UU KIA Sah, Ibu dan Anak Sejahtera?

Oleh : Mimin Aminah

Ibu Rumah Tangga

 

 

LenSa Media News–Kementrian Ketenagakerjaan menyambut baik atas Rencana Undang Undang (RUU) Kesejahteraan Ibu dan Anak pada fase seribu hari pertama kehidupan menjadi Undang Undang. Direktur Jenderal Pembinaan Hubungan Industrial dan Jaminan Sosial Ketenegakerjaan (Dirjen PHI dan Jamsos Kemnaker) Indah Anggoro Putri, menyebutkan UU KIA diyakini akan semakin meningkatkan perlindungan dan kesejahteraan bagi pekerja dan buruh.

 

Secara spesifik, beberapa pengaturan dalam UU KIA yang berhubungan dengan ketenagakerjaan adalah cuti melahirkan bagi ibu yang bekerja. Selain itu setiap ibu yang bekerja berhak mendapatkan cuti paling singkat 3 bulan pertama dan paling lama 3 bulan berikutnya, apabila terdapat kondisi khusus yang dibuktikan dengan surat keterangan dari dokter, selama masa cuti tersebut mereka berhak atas upah yang dibayar penuh untuk 3 bulan pertama dan bulan ke 4, kemudian 75% dari upah untuk bulan ke 5 dan bulan ke 6, selain itu mereka yang mengambil cuti tersebut tidak dapat diberhentikan dari pekerjaannya dan tetap memperoleh haknya sesuai dengan ketentuan aturan-aturan ketenagakerjaan.

 

Selain ibu yang melahirkan, UU KIA juga mengatur hak suami untuk cuti pendampingan istri pada masa persalinan yaitu selama 2 hari dan dapat diberikan paling lama 3 hari berikutnya atau sesuai dengan kesepakatan. (Detiknews.Com 7/6/2024).

 

Pengesahan RUU KIA menjadi UU dianggap membawa angin segar bagi perempuan untuk dapat tetap berkarier karena mendapat cuti dan tetap bisa tenang bekerja sehingga menguatkan pemberdayaan ekonomi perempuan sebagaimana paradigma kapitalis bahwa perempuan produktif adalah perempuan yang bekerja.

 

Secara sepintas memang UU KIA ini seolah-olah dirancang untuk mewujudkan kesejahteraan bagi ibu dan anak namun apa benar bisa menjamin kesejahteraan bagi ibu dan anak?
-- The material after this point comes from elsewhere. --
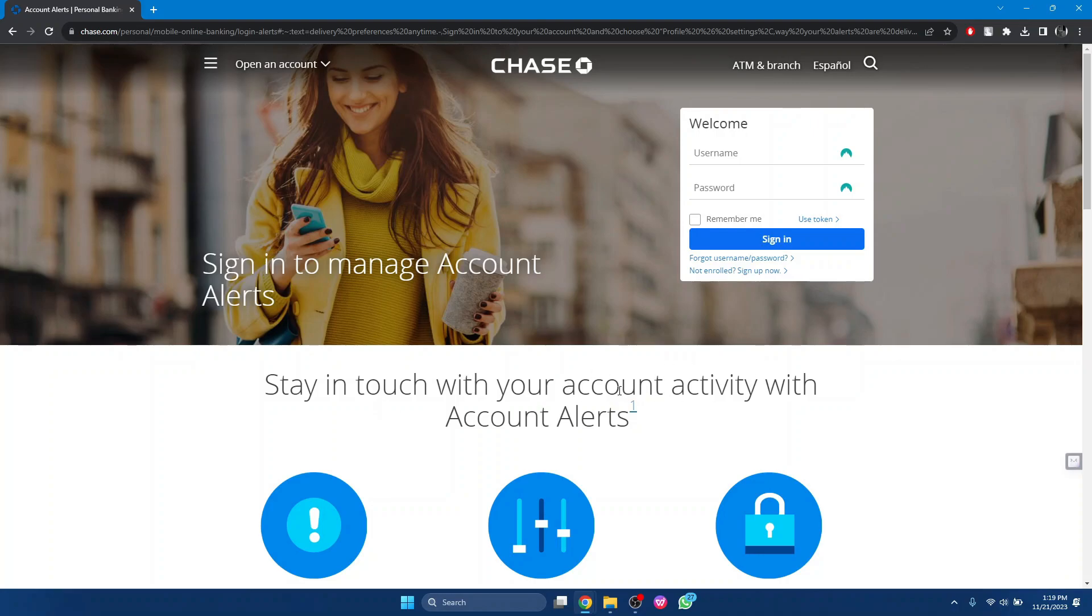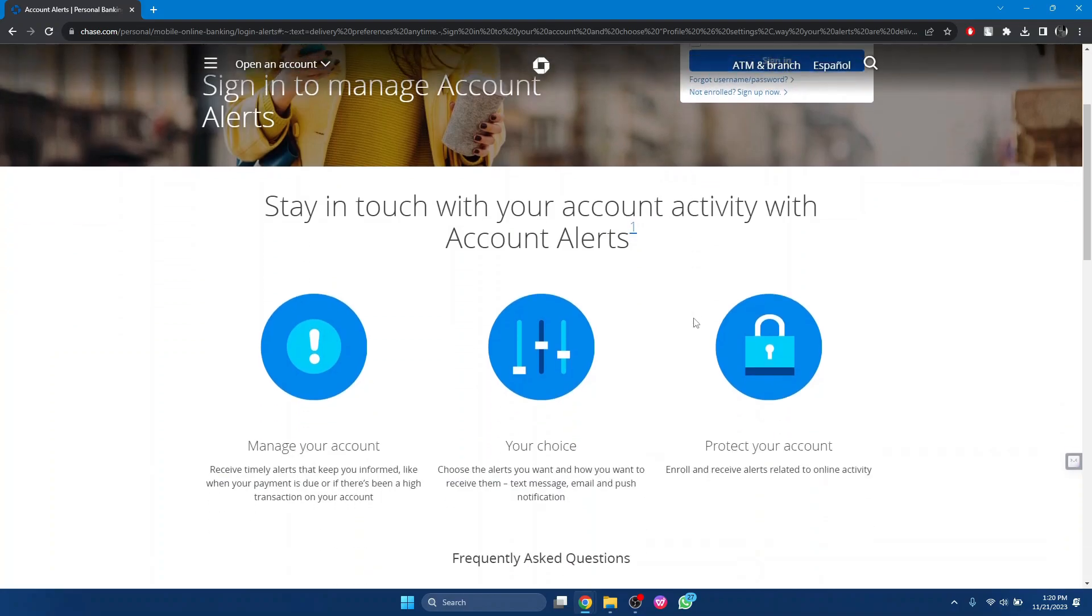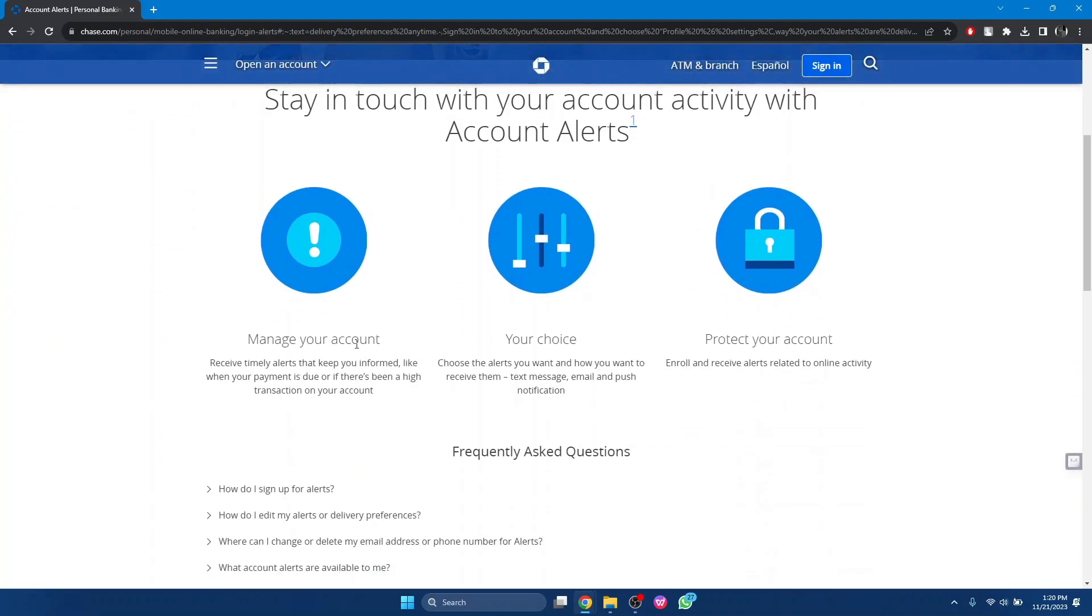And then you will be redirected to the home page of your account. By enabling account alerts, you will be able to receive timely alerts that keep you informed, like when your payment is due or if there's been a high transaction on your account. Choose the alert you want and how you want to receive them: text message, email, and push notification.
Karena kenyataannya tak seindah yang dibayangkan, pada saat ini susahnya lapangan pekerjaan untuk para suami menyebabkan istri atau ibu harus menanggung beban ekonomi keluarga sehingga setelah 6 bulan, istri atau ibu harus tetap bekerja, bisa dibayangkan betapa beratnya beban ibu, sudahlah terbebani secara mental karena harus meninggalkan anak bayi, ditambah lagi terbebani dengan menanggung nafkah keluarga, lantas dimana sejahteranya?

 

Beginilah hidup di negara yang menerapkan sistem kapitalisme sekularisme yang menjauhkan agama dari kehidupan yang memandang kesejahteraan ibu dan anak mengacu pada pencapaian materi saja, karena itu, ibu tetap harus bekerja meski sedang memiliki bayi yang seharusnya butuh perhatian dalam tumbuh kembangnya.

 

Hal ini berbeda dengan sistem Islam yang memandang kesejahteraan tidak dilihat dari segi pencapaian materi tapi dilihat dari aspek ruhiyah, oleh karena itu ibu disebut sejahtera bukan karena bisa menghasilkan uang tapi ketika ia bisa menjalankan tugas yang telah Allah SWT tetapkan baginya, yaitu sebagai pengasuh dan pendidik bagi anaknya, ia bisa mencurahkan seluruh cinta dan kasih sayangnya dalam mendidik anaknya tanpa dibebani tekanan ekonomi.

 

Karena itu, negara di dalam Islam akan menjamin lapangan pekerjaan bagi suami sehingga ia bisa menafkahi keluarganya, sehingga seorang ibu bisa fokus mengasuh dan mendidik anaknya. Dan juga semua hal yang dibutuhkan untuk mencetak generasi yang cemerlang akan disediakan oleh negara mulai dari pendidikan, kesehatan, keamanan semuanya dijamin negara.

 

Maka hanya dengan sistem Islam yang mampu mewujudkan kesejahteraan ibu dan anak secara hakiki bukan hanya seribu hari tapi sejahtera sepanjang hidupnya. Wallahu alam bishawab. [LM/ry].